======== Data to examine ========
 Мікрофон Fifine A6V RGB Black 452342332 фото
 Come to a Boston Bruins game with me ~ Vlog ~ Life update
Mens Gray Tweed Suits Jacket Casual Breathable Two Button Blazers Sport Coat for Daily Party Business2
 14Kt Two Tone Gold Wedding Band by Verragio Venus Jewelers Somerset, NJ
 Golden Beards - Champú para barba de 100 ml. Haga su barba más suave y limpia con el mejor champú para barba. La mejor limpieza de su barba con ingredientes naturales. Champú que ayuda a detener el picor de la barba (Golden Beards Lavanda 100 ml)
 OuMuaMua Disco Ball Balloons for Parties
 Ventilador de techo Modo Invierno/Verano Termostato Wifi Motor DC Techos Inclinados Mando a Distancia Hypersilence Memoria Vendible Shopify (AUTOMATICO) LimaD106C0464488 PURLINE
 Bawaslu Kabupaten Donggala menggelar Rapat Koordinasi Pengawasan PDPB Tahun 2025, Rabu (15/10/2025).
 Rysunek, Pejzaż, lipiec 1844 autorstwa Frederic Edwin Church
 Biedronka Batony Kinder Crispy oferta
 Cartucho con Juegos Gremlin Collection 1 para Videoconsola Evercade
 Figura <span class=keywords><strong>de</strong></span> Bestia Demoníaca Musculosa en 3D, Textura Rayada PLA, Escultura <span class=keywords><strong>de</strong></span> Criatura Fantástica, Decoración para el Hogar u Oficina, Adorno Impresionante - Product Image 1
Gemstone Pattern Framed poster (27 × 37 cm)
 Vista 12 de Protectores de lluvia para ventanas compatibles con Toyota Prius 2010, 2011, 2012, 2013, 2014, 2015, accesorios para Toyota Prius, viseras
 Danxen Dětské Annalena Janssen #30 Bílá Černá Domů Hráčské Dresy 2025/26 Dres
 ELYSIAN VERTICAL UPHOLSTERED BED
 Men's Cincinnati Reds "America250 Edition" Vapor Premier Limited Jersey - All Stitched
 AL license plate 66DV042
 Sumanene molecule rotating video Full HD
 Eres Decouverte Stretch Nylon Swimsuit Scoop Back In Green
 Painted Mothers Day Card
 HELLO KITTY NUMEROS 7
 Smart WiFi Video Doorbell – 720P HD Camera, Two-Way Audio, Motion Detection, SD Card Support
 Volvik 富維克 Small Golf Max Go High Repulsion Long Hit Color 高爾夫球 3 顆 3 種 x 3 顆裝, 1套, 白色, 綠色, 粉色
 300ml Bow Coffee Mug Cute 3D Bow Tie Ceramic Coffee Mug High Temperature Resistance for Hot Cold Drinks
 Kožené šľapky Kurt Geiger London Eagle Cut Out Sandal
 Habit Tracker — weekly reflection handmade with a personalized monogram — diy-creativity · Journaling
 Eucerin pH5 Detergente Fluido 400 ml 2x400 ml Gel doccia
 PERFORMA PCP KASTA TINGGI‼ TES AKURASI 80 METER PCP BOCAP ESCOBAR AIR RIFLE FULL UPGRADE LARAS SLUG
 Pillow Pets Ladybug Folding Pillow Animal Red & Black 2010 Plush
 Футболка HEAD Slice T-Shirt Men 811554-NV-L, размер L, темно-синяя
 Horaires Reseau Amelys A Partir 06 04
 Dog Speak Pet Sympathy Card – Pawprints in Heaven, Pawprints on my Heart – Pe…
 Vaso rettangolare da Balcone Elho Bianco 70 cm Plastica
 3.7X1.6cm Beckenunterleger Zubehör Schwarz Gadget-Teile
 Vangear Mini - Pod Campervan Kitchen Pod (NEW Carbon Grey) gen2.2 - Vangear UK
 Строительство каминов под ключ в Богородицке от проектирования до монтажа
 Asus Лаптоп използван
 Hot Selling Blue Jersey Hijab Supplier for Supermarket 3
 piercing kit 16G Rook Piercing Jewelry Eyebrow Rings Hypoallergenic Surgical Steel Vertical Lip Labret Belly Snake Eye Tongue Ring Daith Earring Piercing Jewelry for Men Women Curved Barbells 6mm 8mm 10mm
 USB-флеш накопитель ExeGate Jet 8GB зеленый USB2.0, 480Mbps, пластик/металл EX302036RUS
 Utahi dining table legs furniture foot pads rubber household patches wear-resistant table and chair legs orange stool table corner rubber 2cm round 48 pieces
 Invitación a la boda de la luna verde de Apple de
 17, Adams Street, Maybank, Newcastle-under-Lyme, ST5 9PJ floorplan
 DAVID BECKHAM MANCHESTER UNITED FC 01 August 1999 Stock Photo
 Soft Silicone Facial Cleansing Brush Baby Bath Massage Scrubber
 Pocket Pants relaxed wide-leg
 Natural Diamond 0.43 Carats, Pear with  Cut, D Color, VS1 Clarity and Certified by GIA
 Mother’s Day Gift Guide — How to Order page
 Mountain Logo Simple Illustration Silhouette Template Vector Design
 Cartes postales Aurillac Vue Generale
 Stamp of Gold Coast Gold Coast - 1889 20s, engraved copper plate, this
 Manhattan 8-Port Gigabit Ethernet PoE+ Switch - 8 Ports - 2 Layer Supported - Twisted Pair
========
**Exercise brief**: All lines of the records above with the word "Black" in them are to be copied.

**Result of the exercise**:
 Мікрофон Fifine A6V RGB Black 452342332 фото
 Pillow Pets Ladybug Folding Pillow Animal Red & Black 2010 Plush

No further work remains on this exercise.